O Khmer Times informou que dois dos 14 elefantes atualmente no parque, local do famoso templo de Angkor Wat, foram levados para a floresta comunitária de Bos Thom, nas proximidades.

Os elefantes estão em Angkor Wat desde que a prática de transportar turistas começou em 2001. Em 2016, um elefante chamado Sambo morreu no parque, devido a um ataque cardíaco causado por insolação e exaustão. A sua morte levou a uma petição online que defendia o fim dos passeios de elefante em Angkor Wat, que reuniu mais de 185 mil assinaturas.
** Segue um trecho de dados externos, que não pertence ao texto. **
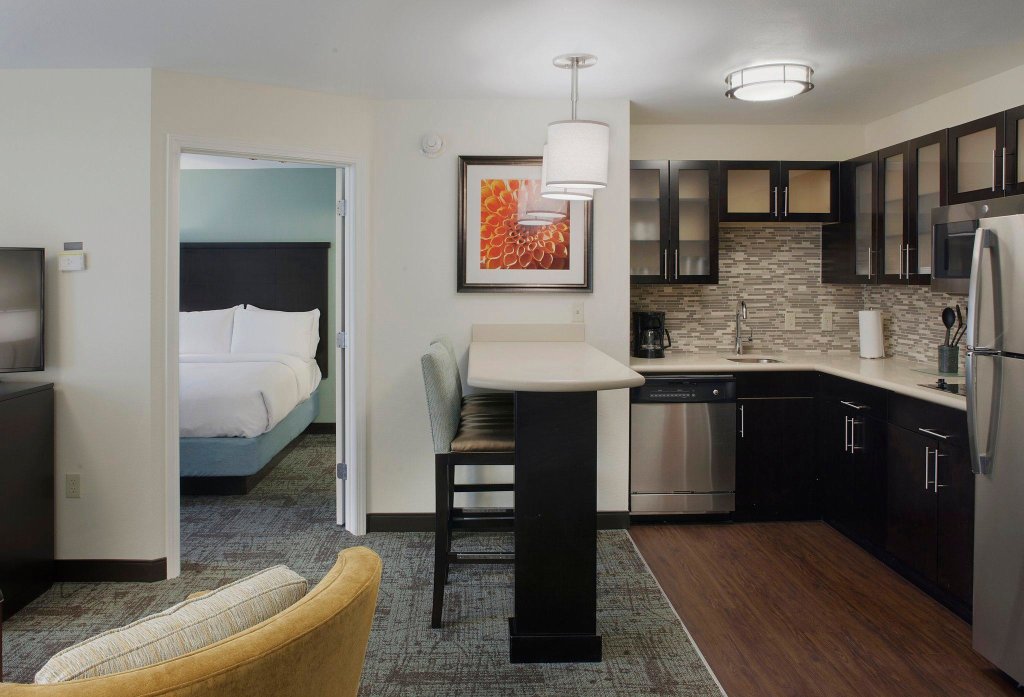 Люкс с 2 комнатами Staybridge Suites Fayetteville, an IHG Hotel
O World Wildlife Fund publicou um relatório, no ano passado, onde afirma que o número de elefantes asiáticos diminuiu 50% nas últimas três gerações. Existem menos de 50 mil a viverem em estado selvagem e são considerados uma espécie em extinção.

Espera-se que, em 2020, todos os 14 elefantes do parque sejam retirados. Estima-se que cerca de 2,5 milhões de pessoas visitem este local anualmente.